Decades of legal precedent for affirmative action in higher education could fall, potentially reducing the number of Black and LatinX students at schools.
"I've heard the word diversity. I don't have a clue what it means," said Conservative Justice Clarence Thomas.
At the High Court on Monday, the three liberal justices defended affirmative action for making institutions look more like America during five hours of arguments.
"Race alone doesn’t count for why someone is admitted," said Justice Sonia Sotomayor.
Adame said diversity and inclusion have always been an issue in higher education.
“The importance is you know, are we being discriminated back then because of our of what group we represented or what group we are from," said Adame.
The conservative group behind these cases argues using race in admissions discriminates against other students, namely Asian Americans, and violates federal law and the constitution's equal protection clause.
“The affirmative action plan was put there and implemented for a reason. And I think it’s important for all students to have that equal opportunity," said Adame.
Around the country, nine states have already ended affirmative action for school admissions. Texas is not one of those states, so a ruling from the high court would impact college admissions in the state.
The Texas Tribune reports Attorney General Ken Paxton as well as Senators John Cornyn and Ted Cruz are asking the court to the practice.
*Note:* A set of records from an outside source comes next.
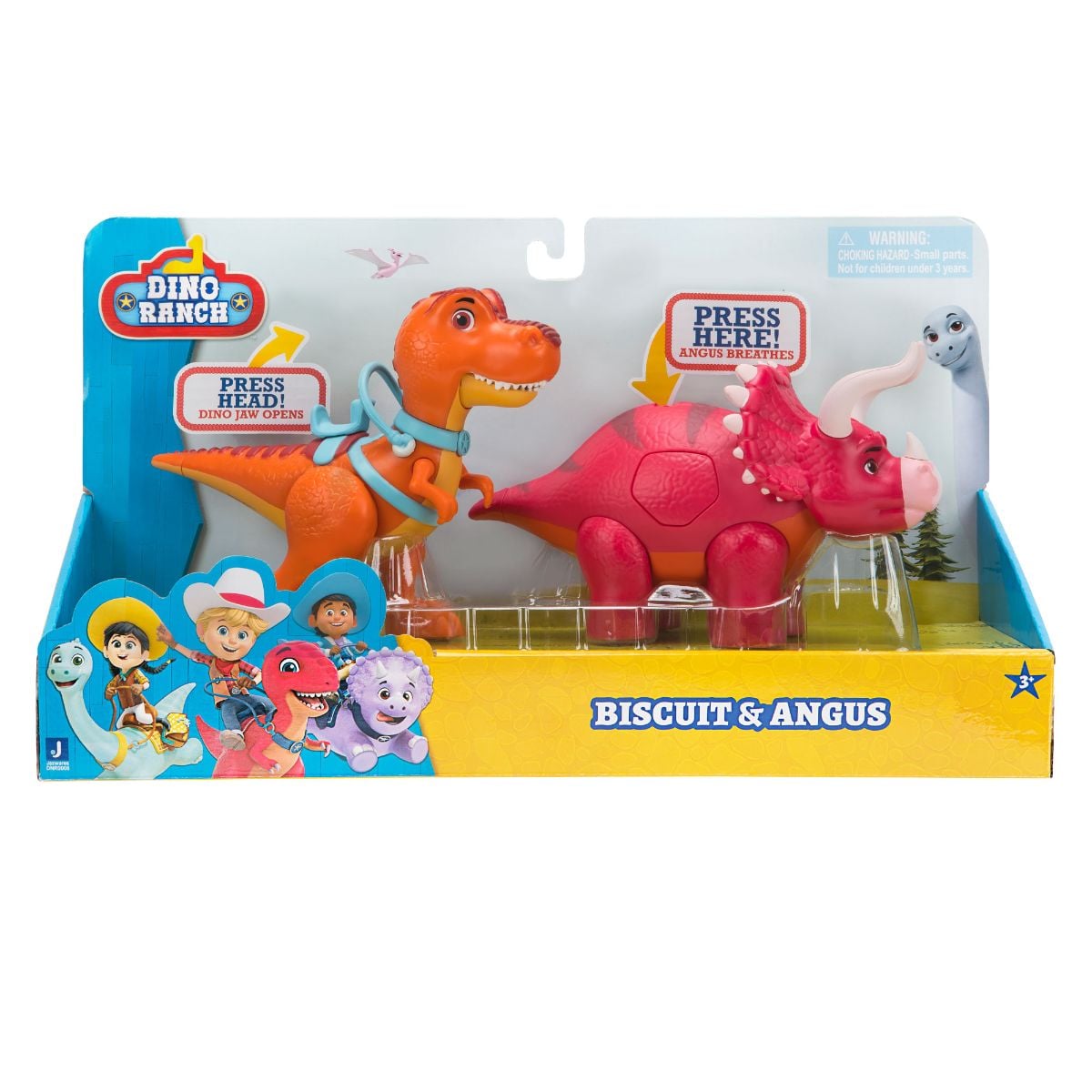 Set 2 Dinozauri Biscuit și Angus Dino Ranch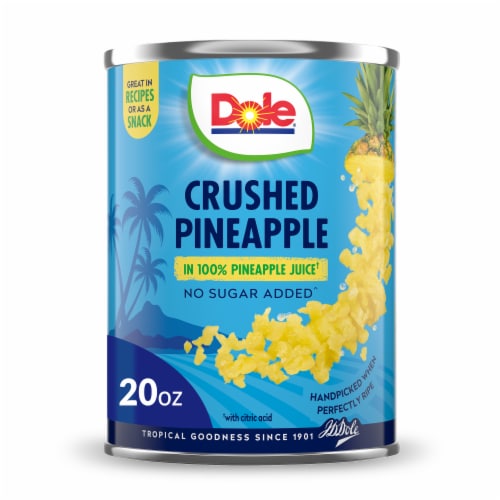 Dole® Canned Crushed Pineapple Fruit In 100% Pineapple Juice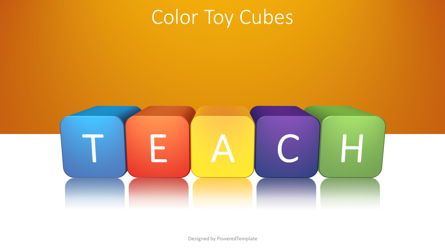 Color Toy Cubes Free Presentation Template, Master Slide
Meanwhile, three Texas democratic representatives, Joaquin Castro, Sylvia Garcia and Marc Veasey, said they support keeping it.
Opponents of affirmative action say there are other race-neutral ways to get diversity, like focusing more on socioeconomic factors. And that was the focus of several conservative justices - who seemed to suggest the clock on affirmative action is ticking.
We did reach out to TAMUCC for a statement, and the school says it will not comment on the case at this time.
It's not known when the court will make its final ruling.